[[ DATASET open ]]
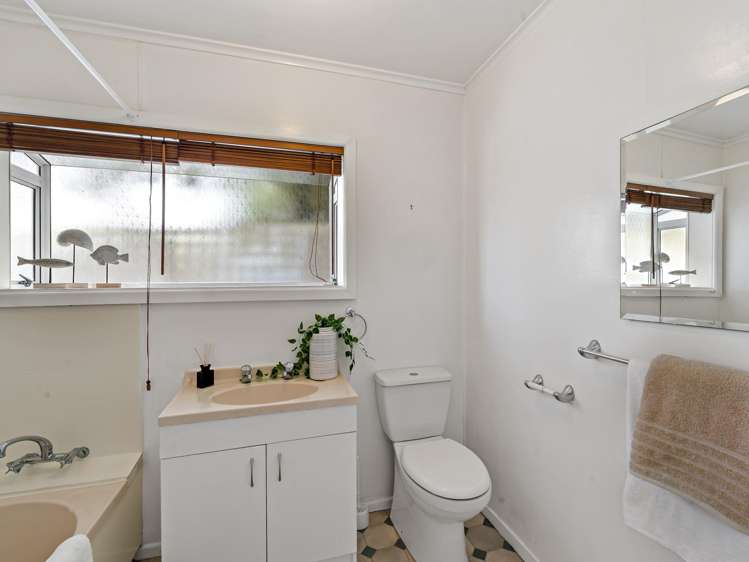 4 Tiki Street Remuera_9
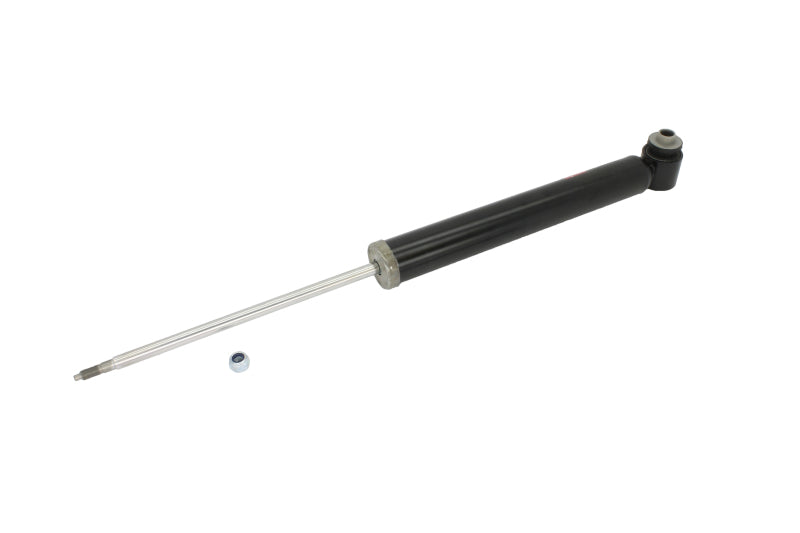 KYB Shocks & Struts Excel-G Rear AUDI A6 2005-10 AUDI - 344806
[[ DATASET closed ]]
[[ DATASET open ]]
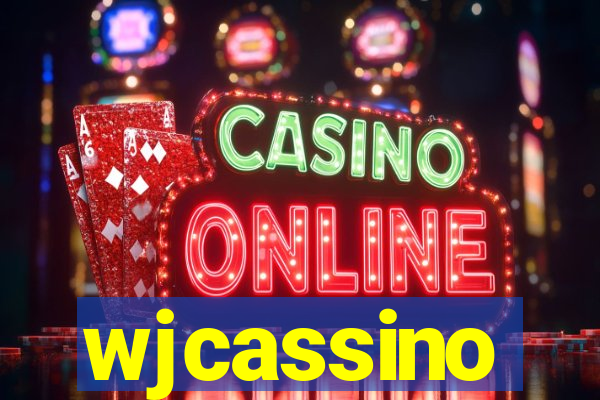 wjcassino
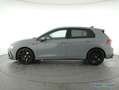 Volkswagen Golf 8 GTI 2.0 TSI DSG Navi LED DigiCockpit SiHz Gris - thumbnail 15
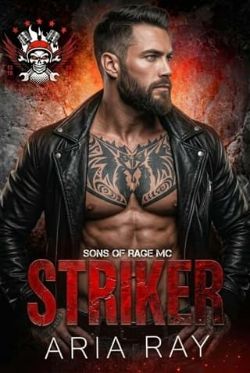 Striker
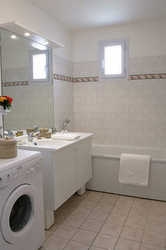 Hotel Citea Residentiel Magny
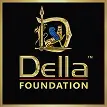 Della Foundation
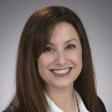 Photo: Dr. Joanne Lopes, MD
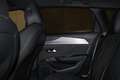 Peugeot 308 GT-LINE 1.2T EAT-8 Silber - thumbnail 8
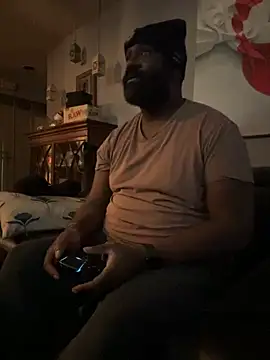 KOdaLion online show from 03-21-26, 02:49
[[ DATASET closed ]]
§ WORK INSTRUCTIONS
Among the records above, locate the line containing "4 Tiki Street Remuera_9" and the line containing "KYB Shocks &", then transcribe exactly the lines starting at the first and ending at the second, with no pictures.

§ FINAL ANSWER
 4 Tiki Street Remuera_9
 KYB Shocks & Struts Excel-G Rear AUDI A6 2005-10 AUDI - 344806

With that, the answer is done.